Ever felt like you have gone through seasons where things were moving and shaking? It seems like you were growing in Christ, doors were flying open and life was good! You enjoyed your time with the Lord and then.. out of now where.. you hit a quiet season.
Doors don’t seem like they are opening, you don’t feel like you have clear instructions from God, you almost want to run back to that happy season but even those doors seem closed. And it seems like God isn’t as close to you as He was before.
If you have ever felt that way, I want you to know that it’s ok & it’s NORMAL. You’re simply going through a test and you have the option to pass the test & totally rely on God OR, you have the option to go & create a life and open your own doors that will end up in turmoil.
Lets read this story together:
The whole earth came together and thought that they were going to outsmart God. So, God had to confuse their language and shut down their plans. And in your own life, God has to confuse the language you have with your boss, that boyfriend you shouldn’t be with, that church or that friend that is pushing you away from Jesus. It seems like for no reason whatsoever, you guys are no longer on the same page. You don’t understand it and it’s frustrating but God had to stop the plans that YOU came up with for your life.

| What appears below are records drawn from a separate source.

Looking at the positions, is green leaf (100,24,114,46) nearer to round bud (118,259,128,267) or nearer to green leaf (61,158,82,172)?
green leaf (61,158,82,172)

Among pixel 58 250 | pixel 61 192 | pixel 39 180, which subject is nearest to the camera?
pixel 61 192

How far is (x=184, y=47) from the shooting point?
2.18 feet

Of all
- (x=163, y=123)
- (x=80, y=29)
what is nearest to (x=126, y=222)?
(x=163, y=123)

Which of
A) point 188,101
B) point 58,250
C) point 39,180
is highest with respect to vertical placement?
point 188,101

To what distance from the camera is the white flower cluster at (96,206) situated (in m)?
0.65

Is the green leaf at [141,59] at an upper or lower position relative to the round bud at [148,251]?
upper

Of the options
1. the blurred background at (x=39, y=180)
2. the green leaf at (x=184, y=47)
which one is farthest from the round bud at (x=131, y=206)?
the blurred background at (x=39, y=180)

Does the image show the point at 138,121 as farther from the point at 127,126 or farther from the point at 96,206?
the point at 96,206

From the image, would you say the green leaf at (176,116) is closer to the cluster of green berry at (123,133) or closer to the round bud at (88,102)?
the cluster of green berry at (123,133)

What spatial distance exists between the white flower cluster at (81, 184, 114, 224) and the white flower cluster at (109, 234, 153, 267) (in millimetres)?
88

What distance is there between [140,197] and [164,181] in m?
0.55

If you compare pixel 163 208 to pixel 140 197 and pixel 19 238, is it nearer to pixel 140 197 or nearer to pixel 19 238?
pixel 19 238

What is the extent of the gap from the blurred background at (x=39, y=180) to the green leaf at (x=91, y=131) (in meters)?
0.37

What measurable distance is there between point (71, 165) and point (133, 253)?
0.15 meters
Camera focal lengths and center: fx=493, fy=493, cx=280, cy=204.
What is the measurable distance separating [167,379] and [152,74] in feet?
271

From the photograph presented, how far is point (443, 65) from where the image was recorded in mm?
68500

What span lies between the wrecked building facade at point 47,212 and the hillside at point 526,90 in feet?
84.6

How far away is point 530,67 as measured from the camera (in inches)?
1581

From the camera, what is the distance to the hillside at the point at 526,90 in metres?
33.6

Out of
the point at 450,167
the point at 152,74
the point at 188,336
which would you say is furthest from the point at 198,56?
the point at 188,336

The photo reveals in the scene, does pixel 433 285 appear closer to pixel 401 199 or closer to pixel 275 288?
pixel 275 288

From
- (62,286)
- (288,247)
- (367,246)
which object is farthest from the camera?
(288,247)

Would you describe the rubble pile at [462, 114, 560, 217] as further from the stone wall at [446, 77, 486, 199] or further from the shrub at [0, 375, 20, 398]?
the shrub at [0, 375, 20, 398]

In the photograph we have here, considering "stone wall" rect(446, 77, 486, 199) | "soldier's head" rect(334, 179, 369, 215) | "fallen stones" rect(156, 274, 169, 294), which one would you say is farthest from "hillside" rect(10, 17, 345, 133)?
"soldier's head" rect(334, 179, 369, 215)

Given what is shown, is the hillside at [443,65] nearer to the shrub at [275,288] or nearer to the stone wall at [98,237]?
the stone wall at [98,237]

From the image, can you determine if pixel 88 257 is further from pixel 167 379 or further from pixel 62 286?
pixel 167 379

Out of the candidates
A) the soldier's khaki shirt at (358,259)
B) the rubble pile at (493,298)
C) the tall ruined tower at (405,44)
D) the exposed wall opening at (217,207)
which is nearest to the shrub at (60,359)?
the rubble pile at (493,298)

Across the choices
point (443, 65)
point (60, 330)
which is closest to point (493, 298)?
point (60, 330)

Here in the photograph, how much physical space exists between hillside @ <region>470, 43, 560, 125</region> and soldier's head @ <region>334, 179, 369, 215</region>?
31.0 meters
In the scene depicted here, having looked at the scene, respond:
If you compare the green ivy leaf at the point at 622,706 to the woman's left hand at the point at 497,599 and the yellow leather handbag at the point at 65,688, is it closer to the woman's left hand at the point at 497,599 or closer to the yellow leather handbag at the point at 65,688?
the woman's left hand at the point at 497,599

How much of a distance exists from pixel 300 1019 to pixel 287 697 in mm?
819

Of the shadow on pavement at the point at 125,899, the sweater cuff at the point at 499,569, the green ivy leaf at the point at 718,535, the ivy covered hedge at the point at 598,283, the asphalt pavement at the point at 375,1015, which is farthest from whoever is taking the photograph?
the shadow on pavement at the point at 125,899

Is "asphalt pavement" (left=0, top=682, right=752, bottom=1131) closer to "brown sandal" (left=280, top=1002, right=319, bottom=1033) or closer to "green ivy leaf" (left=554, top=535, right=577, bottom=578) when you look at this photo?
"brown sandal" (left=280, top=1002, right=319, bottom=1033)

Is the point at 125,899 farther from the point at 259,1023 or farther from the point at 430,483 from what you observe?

You see, God has great plans for your life and those plans include suffering, trusting Him and letting HIM lead your life. In this private war, you may not even be able to articulate what God is doing in your heart. You have this war of the flesh, this war of trying to be who God called you to be, this war of wanting to quit, this war of resting in God, this war of “when is it my time God.”
Here’s the kicker.
There’s times where you’re going to just have to sit there and not move. I’m not telling you to be lazy, I’m telling you that God may want you to stop building YOUR tower and sit there long enough to hear HIS instructions for YOUR life. And you will have to be honest with yourself, you won’t know the next step and thats OK. If you had ALL the answers for life, why would you need Jesus? HE places those voids in our hearts because we can only be filled by Him and Him alone. He is calling you back to that quiet place with Him. So, be honest with yourself.
James 1:2-4 says, “Consider it pure joy, my brothers, whenever you face trials of many kinds, because you know that the testing of your faith develops perseverance. Perseverance must finish its work so that you may be mature and complete, not lacking anything.
So, smile the next time that somebody asks, “WHEN are you getting you a man??! WHEN are you doing this? WHEN are you doing that? Smile because you know that you are trusting God and you aren’t going to step outside of HIS will to create some tower of babel. You don’t need no tower of a man, tower of some job, tower of some thing. You need the very presence of the Holy Spirit smashing out anything that isn’t like God in your heart. You simply need Him and Him alone.
Let’s fight this thing together. Let’s all just sit there until the Lord leads us. Even if we look crazy. Even if the world calls us crazy. We KNOW this truth:
Lets step building things that He never told us to build and going places He never told us to go. EVEN if that means QUITTING on something YOU started.
42 Comments
Very timely word. Thank you.
Awesome word! I'm trusting & resting!
Thank you for this!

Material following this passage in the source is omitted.